Tem sido assim o trabalho do
artista americano David Lynch:
uma explosão de transformações e evaporações de sujeitos.
"Bem... Eu não sei", responde
Lynch, 61, à Folha, sobre o porquê de uma dedicação tão grande à metamorfose em sua carreira artística, marcada por filmes desafiadores, capazes de
dar nós em muitas cabeças, como "A Estrada Perdida" e o novo "Inland Empire".
A resposta veio para o riso e a
perplexidade de um grupo de
jornalistas atentos ao cineasta
logo após um "tour" pela impressionante exposição "The
Air Is on Fire", que a Fundação
Cartier de Arte Contemporânea abre para o público na capital francesa amanhã, com um
inédito retrato do quase desconhecido trabalho de Lynch em
artes plásticas.
Na imponente sede da fundação, um edifício de aço e vidro, estão reunidos, em três
ambientes, mais de 500 desenhos, duas dezenas de quadros,
centenas de fotografias e outras tantas alteradas por ele no
computador.
Lynch tenta fazer consigo o
que faz com seus personagens:
quer desaparecer, confundir-se
com sua obra. O "não sei" se
junta a várias respostas em que
ele recusa uma posição reflexiva.

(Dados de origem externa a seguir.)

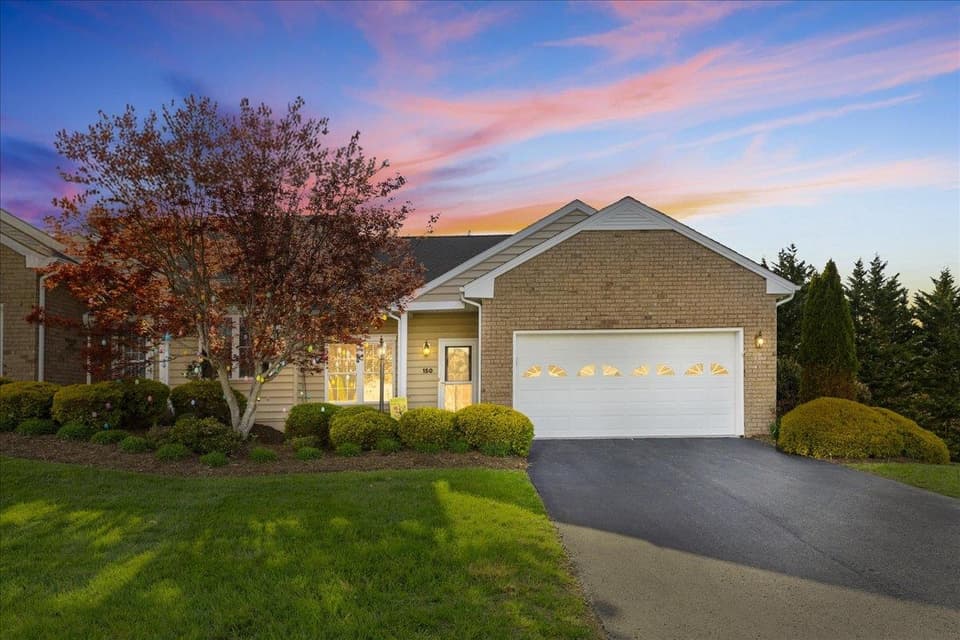 150 Slate Creek Drive NW, photo 4 of 40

Em seu rosto, expressões de
sofrimento para responder e
uns poucos sorrisos de ironia.
Diante do questionamento sobre o uso do azul nas telas, ele
diz apenas que gosta da cor.
Prefere atribuir sua arte à libertação produzida pela meditação transcendental, que ele
pratica há 33 anos.
"O que digo na pintura que
não posso dizer nos filmes é o
que você vê na pintura. Cada
arte tem seu mundo, e ele é
sempre um mundo sem palavras", diz Lynch.
Referências
Mas ele não consegue evitar.
Há conexões demais. Embora
queira fazer sua direção sempre misturando os sentidos,
Lynch significa. Por exemplo,
Bob, personagem central da série de enormes pinturas que
ocupam a sala principal do primeiro piso. É, segundo ele, "alguém que experimenta as coisas no mundo". Até para responder sobre a conexão entre
este e outro Bob, o da série de
TV "Twin Peaks", ele quer soar
hermético. Diz: "É outro. Existem muitas pessoas no mundo
chamadas Bob". Mas ficam claras as relações com suas obsessões habituais.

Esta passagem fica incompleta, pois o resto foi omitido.